We mainly aimed for contributions on Marr’s computational and algorithmic levels and the interplay between them through this study based on logic, experiment and computational cognitive model. The logical language helped us delineate a number of plausible reasoning strategies in a systematic manner. In general it is possible to translate such logical formulas into computational models in the computational cognitive architecture PRIMs, and this can be done in a generic way, enabling the construction of a corresponding set of computational models in PRIMs. More specifically, the formulas are implemented as production rules, which handle visual processing, problem state updates, and motor processing. We have shown how such translation works for two specific reasoning strategies and we have run the computational models and made predictions from the simulations about the data. It turned out that the predictions of one of the models, corresponding to the own payoff strategy, fit the actual participants’ data in terms of their response times remarkably well. We have also formulated a model-based prediction for a future experiment.
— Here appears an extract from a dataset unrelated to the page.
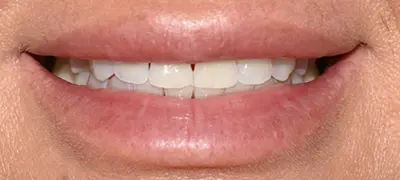 Patient with imperfect smile before cosmetic dentistry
All in all, we have shown that logic makes a contribution at Marr’s computational level by providing a precise specification language for cognitive processes. Moreover, we have illustrated that logic has a fruitful role to play in theories of resource-bounded strategic reasoning at the algorithmic level, namely in the construction of computational cognitive models in PRIMs. The great advantage of using the cognitive architecture PRIMs rather than an ad hoc computational model, is that it already implements very precise, experimentally validated theories about human memory and cognitive bounds on reasoning processes. In comparison to ACT-R, PRIMs appears to be easier for logicians to learn.

Future work

We aim to implement various sets of specifications of reasoning strategies in separate models, inspired by the 39-model study of Marewski and Mehlhorn (2011). The aim is to simulate repeated game play, both to determine which participants in a new experiment most closely belong to which player types, as well as to study possible learning effects. An advantage of constructing PRIMs models, not only logical formulas, is that quantitative predictions are generated, for example, concerning decision times and locus of attention, which can then be tested in further experiments, for example, using an eye-tracker.

Now that we have models in PRIMs, we can also make specific predictions for training experiments, e.g. training people with second-order false belief tasks or complex working memory tasks and investigating whether that helps them to transfer these skills to “Marble drop with Surprising Opponent”.

From the logical perspective, the next step will be to provide a sound and complete axiom system for strategic reasoning that models empirical human reasoning in dynamic games of perfect information, including reasoning about the higher-order beliefs of the opponent.